_WORK INSTRUCTIONS:_ Please transcribe, word for word, the line containing "The King Of" and every line after it through the end of the records below, and nothing else.

(Short text fragments from websites)
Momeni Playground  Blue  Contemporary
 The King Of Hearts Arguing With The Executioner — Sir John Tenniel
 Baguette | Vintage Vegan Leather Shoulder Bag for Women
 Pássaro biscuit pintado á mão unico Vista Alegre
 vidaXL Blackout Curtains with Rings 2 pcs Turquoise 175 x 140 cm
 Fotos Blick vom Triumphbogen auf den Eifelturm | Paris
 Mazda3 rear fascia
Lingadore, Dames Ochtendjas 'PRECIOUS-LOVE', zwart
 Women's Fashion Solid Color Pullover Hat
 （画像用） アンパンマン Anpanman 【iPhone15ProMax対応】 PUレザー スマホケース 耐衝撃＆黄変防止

_THE ANSWER:_
 The King Of Hearts Arguing With The Executioner — Sir John Tenniel
 Baguette | Vintage Vegan Leather Shoulder Bag for Women
 Pássaro biscuit pintado á mão unico Vista Alegre
 vidaXL Blackout Curtains with Rings 2 pcs Turquoise 175 x 140 cm
 Fotos Blick vom Triumphbogen auf den Eifelturm | Paris
 Mazda3 rear fascia
Lingadore, Dames Ochtendjas 'PRECIOUS-LOVE', zwart
 Women's Fashion Solid Color Pullover Hat
 （画像用） アンパンマン Anpanman 【iPhone15ProMax対応】 PUレザー スマホケース 耐衝撃＆黄変防止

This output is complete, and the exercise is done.